Шла лихая гульба у маляра, и я не узнал маляровой лачуги. Было светло, как от тысячи спрятанных ламп, как в сновидении, и только тут я понял, что означает, когда делается «все равно». Меня вовлекли в происходившее действо, и вскоре я догнал всех их, а кое в чем и перегнал. Еще не оглушенным рассудком я сознавал, что становлюсь стрекулистом, и посвящение свое принимал с удовольствием. Я вошел Ахамазиковым, но уже «графом Цукатовым» при общих аплодисментах присел я на тахту по эту сторону Нальки. По ту сторону свинцовым мешком сидел Полуект Раздеришин, мрачно наблюдавший течение пиршества, точно то были его похороны. Сегодня угощал он сам: ему надоело запойное его одиночество.

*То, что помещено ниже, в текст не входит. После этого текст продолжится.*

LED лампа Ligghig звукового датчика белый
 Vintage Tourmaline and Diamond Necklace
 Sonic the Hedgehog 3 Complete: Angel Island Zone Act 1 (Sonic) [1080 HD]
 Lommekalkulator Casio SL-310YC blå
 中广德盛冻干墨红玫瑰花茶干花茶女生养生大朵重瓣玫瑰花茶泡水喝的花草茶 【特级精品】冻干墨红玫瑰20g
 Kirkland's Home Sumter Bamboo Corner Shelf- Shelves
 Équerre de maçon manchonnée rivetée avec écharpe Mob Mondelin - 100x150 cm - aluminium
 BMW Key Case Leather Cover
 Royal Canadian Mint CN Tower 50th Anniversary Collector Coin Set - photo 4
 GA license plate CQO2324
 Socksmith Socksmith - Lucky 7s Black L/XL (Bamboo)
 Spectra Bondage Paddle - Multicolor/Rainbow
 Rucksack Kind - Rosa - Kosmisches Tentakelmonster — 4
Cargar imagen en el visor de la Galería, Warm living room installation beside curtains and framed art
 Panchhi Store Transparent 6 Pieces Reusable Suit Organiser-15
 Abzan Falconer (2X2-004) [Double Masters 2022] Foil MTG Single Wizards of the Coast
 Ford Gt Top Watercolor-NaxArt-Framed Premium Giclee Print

Мутнеющими глазами я обвел это зрелище, уже последнее в вощанской комедии. Разряженные домашними средствами, стрекулисты прыгали, чертогонили, тряся паклевыми бородами и стуча деревянными копытами. В углу граф Фаддей Шишкин объяснял осовелому маляру, как следует по-кавалерийски рубить собаку: подкинуть и ждать визга. Барон Стутенгейм братался с Жеребяковым, который только что обидел его неуместным действием. Фараон Петесухис лихо играл на гармонии, доставшейся маляру от покойного брата. То был сплошной апокалипсис человеческого отчаяния… Тут властным окриком Андрей остановил эту кутерьму. Неспешно достав из кармана какую-то бумажку, он согнул ее призмой и поставил на стол. Стрекулист Карпелан подбежал заглянуть, но Андрей свирепо оттолкнул его в грудь, и тот упал куда-то за дверь; в тот вечер он не действовал более.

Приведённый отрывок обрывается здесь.